[Short descriptive text snippets]
= Beginning of Section =

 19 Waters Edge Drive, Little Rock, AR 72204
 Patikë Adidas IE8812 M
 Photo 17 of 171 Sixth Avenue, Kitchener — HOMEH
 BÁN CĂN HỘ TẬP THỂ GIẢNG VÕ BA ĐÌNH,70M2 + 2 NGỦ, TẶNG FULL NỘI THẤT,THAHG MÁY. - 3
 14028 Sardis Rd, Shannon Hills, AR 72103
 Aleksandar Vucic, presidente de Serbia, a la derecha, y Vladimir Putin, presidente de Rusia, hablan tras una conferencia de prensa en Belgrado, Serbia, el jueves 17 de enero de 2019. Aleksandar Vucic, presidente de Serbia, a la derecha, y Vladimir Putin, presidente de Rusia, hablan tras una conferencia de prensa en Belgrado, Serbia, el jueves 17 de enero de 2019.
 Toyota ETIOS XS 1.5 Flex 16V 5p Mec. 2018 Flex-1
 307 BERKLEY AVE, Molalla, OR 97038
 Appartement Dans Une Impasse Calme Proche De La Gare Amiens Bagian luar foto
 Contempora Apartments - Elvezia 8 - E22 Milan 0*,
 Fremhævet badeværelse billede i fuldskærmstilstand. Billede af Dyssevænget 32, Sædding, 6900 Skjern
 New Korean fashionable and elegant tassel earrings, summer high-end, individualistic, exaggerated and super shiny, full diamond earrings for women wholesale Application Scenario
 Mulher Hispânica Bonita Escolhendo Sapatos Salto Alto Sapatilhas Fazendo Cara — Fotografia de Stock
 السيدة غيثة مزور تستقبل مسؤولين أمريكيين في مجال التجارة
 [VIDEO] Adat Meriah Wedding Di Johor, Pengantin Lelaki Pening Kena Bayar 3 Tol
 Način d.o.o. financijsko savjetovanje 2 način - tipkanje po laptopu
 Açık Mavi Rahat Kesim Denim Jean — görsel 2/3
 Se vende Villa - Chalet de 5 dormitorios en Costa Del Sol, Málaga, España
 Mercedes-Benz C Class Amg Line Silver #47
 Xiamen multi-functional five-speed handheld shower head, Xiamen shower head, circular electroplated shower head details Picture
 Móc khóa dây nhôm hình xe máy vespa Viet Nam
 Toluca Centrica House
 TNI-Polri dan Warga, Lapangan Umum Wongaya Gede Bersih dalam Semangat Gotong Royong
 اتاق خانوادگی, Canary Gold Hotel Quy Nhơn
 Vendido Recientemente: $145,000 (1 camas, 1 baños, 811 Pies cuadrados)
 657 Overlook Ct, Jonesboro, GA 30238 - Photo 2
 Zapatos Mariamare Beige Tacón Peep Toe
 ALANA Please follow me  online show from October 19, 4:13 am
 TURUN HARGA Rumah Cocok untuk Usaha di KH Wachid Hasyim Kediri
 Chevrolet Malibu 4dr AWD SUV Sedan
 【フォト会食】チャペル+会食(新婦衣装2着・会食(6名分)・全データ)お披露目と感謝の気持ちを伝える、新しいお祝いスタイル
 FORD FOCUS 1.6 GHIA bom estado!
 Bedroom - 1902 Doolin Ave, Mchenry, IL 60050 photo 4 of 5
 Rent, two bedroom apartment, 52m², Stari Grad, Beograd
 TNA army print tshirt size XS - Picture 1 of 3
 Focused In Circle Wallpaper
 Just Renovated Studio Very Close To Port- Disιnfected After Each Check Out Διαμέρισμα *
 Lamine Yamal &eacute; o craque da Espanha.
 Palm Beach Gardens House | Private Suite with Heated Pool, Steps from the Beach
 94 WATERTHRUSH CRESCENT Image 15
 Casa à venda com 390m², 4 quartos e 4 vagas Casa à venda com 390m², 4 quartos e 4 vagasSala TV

= End of Section =

What is wanted is every line above, written out exactly.

SOLUTION.
 19 Waters Edge Drive, Little Rock, AR 72204
 Patikë Adidas IE8812 M
 Photo 17 of 171 Sixth Avenue, Kitchener — HOMEH
 BÁN CĂN HỘ TẬP THỂ GIẢNG VÕ BA ĐÌNH,70M2 + 2 NGỦ, TẶNG FULL NỘI THẤT,THAHG MÁY. - 3
 14028 Sardis Rd, Shannon Hills, AR 72103
 Aleksandar Vucic, presidente de Serbia, a la derecha, y Vladimir Putin, presidente de Rusia, hablan tras una conferencia de prensa en Belgrado, Serbia, el jueves 17 de enero de 2019. Aleksandar Vucic, presidente de Serbia, a la derecha, y Vladimir Putin, presidente de Rusia, hablan tras una conferencia de prensa en Belgrado, Serbia, el jueves 17 de enero de 2019.
 Toyota ETIOS XS 1.5 Flex 16V 5p Mec. 2018 Flex-1
 307 BERKLEY AVE, Molalla, OR 97038
 Appartement Dans Une Impasse Calme Proche De La Gare Amiens Bagian luar foto
 Contempora Apartments - Elvezia 8 - E22 Milan 0*,
 Fremhævet badeværelse billede i fuldskærmstilstand. Billede af Dyssevænget 32, Sædding, 6900 Skjern
 New Korean fashionable and elegant tassel earrings, summer high-end, individualistic, exaggerated and super shiny, full diamond earrings for women wholesale Application Scenario
 Mulher Hispânica Bonita Escolhendo Sapatos Salto Alto Sapatilhas Fazendo Cara — Fotografia de Stock
 السيدة غيثة مزور تستقبل مسؤولين أمريكيين في مجال التجارة
 [VIDEO] Adat Meriah Wedding Di Johor, Pengantin Lelaki Pening Kena Bayar 3 Tol
 Način d.o.o. financijsko savjetovanje 2 način - tipkanje po laptopu
 Açık Mavi Rahat Kesim Denim Jean — görsel 2/3
 Se vende Villa - Chalet de 5 dormitorios en Costa Del Sol, Málaga, España
 Mercedes-Benz C Class Amg Line Silver #47
 Xiamen multi-functional five-speed handheld shower head, Xiamen shower head, circular electroplated shower head details Picture
 Móc khóa dây nhôm hình xe máy vespa Viet Nam
 Toluca Centrica House
 TNI-Polri dan Warga, Lapangan Umum Wongaya Gede Bersih dalam Semangat Gotong Royong
 اتاق خانوادگی, Canary Gold Hotel Quy Nhơn
 Vendido Recientemente: $145,000 (1 camas, 1 baños, 811 Pies cuadrados)
 657 Overlook Ct, Jonesboro, GA 30238 - Photo 2
 Zapatos Mariamare Beige Tacón Peep Toe
 ALANA Please follow me  online show from October 19, 4:13 am
 TURUN HARGA Rumah Cocok untuk Usaha di KH Wachid Hasyim Kediri
 Chevrolet Malibu 4dr AWD SUV Sedan
 【フォト会食】チャペル+会食(新婦衣装2着・会食(6名分)・全データ)お披露目と感謝の気持ちを伝える、新しいお祝いスタイル
 FORD FOCUS 1.6 GHIA bom estado!
 Bedroom - 1902 Doolin Ave, Mchenry, IL 60050 photo 4 of 5
 Rent, two bedroom apartment, 52m², Stari Grad, Beograd
 TNA army print tshirt size XS - Picture 1 of 3
 Focused In Circle Wallpaper
 Just Renovated Studio Very Close To Port- Disιnfected After Each Check Out Διαμέρισμα *
 Lamine Yamal &eacute; o craque da Espanha.
 Palm Beach Gardens House | Private Suite with Heated Pool, Steps from the Beach
 94 WATERTHRUSH CRESCENT Image 15
 Casa à venda com 390m², 4 quartos e 4 vagas Casa à venda com 390m², 4 quartos e 4 vagasSala TV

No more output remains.